Task to carry out
Everything from the line containing "Pájaro Capuchino - ML200923011" through the last line of the data below is to be retyped exactly, apart from the pictures.

Supplied information
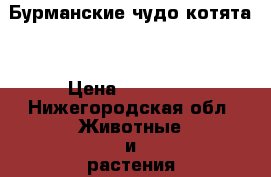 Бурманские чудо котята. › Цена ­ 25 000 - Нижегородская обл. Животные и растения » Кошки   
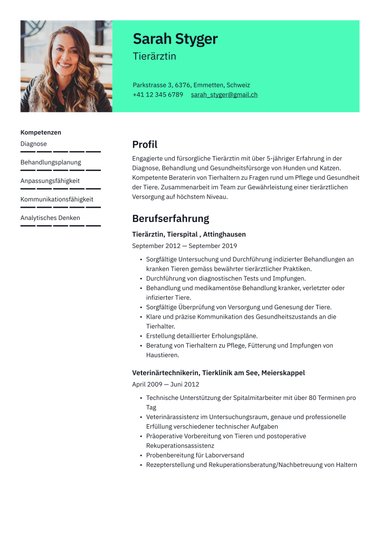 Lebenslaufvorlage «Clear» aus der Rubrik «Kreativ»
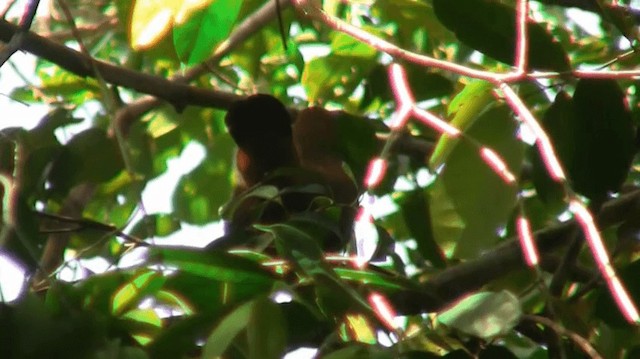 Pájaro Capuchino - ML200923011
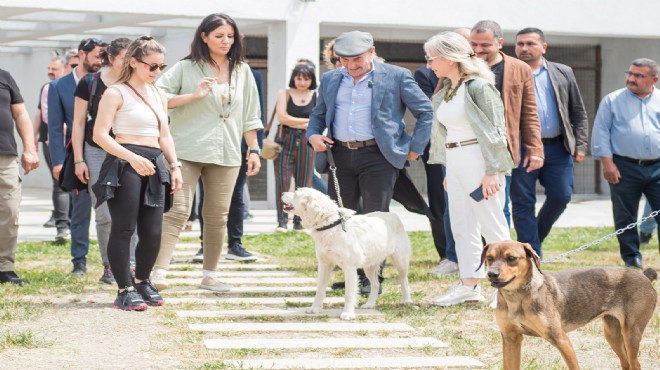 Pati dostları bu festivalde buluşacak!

Output for this task
 Pájaro Capuchino - ML200923011
 Pati dostları bu festivalde buluşacak!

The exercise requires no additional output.